I was awakened early one morning by the sound of many voices. I had crept downstairs to see what was going on when I discovered the house was full of Abnegation members. Marcus was sitting in a chair in the kitchen, not moving, not speaking. An elderly woman whom I barely recognized as the wife of an elder was the first to notice me. She immediately came to me and wrapped her arms around me. She explained to me in a sorrowful voice that my mother had gone to heaven. The next days were a blur to me. People in and out of the house constantly. I just wanted them to all go away. I just wanted my mother again. I was only told that my mother died due to complications during childbirth. The baby didn't live. Marcus always became angry whenever I mentioned my mother so I quickly learned not to speak about her anymore.

I hate Abnegation funerals although I really only remember two of them; my mother's and my aunt's. I was nine years old when Marcus's sister Elizabeth died. I stood by the window half hidden by the curtains in the living room. I remember a little girl with blonde hair kept staring at me. I remember wanting to run away and hide.

I decided to go to the train yard. I stood in the shadows to see who would meet me there. I knew it was her as soon as I saw her outline against the darkening sky. My mother was alive? My mother was alive! I think I was too in shock to say anything at first. She didn't hesitate but came forward to embrace me. I just stood there. She looked thin, old and worn.

She told me things I hadn't known. Marcus suspected she had been unfaithful to him. He questioned if the unborn baby was his child but Evelyn insisted it was. There had already been talk among the council member leaders about what they should do to handle the situation. She was afraid that Marcus would harm her and the baby. She felt she had no other choice but to leave to protect herself.

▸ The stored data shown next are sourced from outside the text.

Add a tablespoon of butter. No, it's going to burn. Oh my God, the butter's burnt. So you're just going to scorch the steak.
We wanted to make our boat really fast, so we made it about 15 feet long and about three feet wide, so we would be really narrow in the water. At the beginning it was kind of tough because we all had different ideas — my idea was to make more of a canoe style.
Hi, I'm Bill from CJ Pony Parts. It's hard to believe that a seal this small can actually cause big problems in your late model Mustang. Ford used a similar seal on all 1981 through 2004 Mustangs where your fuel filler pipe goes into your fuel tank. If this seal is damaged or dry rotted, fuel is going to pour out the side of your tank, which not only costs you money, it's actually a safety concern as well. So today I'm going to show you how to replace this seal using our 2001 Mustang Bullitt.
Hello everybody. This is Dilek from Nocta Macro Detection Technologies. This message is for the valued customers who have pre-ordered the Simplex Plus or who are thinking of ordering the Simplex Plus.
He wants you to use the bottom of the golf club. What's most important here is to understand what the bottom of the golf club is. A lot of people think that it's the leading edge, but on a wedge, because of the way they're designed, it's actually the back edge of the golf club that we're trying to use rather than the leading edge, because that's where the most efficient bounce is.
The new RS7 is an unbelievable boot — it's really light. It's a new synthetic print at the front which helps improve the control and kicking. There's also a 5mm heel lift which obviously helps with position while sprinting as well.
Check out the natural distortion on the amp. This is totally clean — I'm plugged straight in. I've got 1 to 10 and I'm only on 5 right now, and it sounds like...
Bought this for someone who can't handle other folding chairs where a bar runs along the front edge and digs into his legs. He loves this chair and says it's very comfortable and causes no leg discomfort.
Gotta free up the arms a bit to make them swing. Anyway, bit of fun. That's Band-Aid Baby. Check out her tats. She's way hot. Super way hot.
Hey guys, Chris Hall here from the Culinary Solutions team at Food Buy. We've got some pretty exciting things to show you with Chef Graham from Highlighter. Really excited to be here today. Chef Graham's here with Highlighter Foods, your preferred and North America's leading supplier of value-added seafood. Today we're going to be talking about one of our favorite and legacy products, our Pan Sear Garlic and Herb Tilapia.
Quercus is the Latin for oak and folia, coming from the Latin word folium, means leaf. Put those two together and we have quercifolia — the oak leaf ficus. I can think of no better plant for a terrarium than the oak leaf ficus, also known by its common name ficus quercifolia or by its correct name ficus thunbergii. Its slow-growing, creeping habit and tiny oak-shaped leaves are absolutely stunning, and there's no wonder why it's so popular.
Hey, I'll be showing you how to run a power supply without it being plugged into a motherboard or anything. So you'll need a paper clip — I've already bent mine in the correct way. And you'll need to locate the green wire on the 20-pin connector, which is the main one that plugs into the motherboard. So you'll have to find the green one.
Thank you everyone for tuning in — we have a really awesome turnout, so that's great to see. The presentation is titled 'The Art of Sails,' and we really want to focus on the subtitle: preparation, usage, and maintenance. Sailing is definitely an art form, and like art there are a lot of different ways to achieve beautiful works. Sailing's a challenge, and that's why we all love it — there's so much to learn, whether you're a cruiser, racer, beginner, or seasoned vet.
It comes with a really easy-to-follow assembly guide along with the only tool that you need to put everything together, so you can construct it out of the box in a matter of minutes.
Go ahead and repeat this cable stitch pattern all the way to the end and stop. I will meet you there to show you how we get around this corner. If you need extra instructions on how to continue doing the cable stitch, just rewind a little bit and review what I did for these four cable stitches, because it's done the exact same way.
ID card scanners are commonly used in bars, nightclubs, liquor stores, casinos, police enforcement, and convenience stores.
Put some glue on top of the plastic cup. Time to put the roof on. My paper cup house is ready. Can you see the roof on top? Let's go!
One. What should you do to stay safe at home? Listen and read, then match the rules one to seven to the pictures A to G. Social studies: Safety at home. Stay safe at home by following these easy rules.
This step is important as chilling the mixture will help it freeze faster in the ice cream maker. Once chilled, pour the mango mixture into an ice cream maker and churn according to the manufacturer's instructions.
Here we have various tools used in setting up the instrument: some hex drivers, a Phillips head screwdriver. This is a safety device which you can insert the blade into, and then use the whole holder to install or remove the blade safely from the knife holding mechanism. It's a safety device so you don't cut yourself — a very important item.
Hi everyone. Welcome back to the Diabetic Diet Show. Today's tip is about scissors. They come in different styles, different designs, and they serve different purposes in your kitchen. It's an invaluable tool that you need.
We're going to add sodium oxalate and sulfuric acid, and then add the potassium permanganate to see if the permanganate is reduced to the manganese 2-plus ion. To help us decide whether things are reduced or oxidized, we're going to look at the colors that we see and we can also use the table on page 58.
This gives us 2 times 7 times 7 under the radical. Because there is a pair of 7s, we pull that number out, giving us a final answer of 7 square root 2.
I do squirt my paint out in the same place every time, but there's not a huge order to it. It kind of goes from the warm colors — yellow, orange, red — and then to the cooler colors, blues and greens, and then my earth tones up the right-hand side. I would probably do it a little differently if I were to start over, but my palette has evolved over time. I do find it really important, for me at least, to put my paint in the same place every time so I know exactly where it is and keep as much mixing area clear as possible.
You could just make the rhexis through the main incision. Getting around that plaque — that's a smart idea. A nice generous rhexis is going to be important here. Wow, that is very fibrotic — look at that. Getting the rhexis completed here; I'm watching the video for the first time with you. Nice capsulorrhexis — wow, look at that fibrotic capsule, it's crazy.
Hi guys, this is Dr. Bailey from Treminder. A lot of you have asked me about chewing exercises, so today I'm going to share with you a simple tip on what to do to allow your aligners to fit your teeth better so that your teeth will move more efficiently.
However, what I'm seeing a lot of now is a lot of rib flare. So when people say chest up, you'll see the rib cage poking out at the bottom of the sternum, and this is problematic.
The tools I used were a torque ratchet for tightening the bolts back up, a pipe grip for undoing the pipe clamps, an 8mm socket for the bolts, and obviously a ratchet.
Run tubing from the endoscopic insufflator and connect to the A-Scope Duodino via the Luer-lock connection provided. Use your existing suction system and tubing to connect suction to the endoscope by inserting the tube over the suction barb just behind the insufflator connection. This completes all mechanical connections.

I completely understood that. I had felt the same way. I had to leave Abnegation too, to protect myself from my father.

"I had to leave Tobias! Do you understand?" she had asked.

No. I didn't understand. I thought she was dead and now she is alive. If she had to leave, why didn't she take me with her? She left me alone with a cruel father who took his anger and frustration out on me. She let me believe all those years that she was dead.

"Your sister was born three weeks later. I named her Emily. She was beautiful."

A sister? I had always wanted a brother or sister. I never even got to see her.

"She became very sick and died a few days later," I barely heard the words as she whispered them.

"Tobias?" My mother had asked while searching my face for some type of response.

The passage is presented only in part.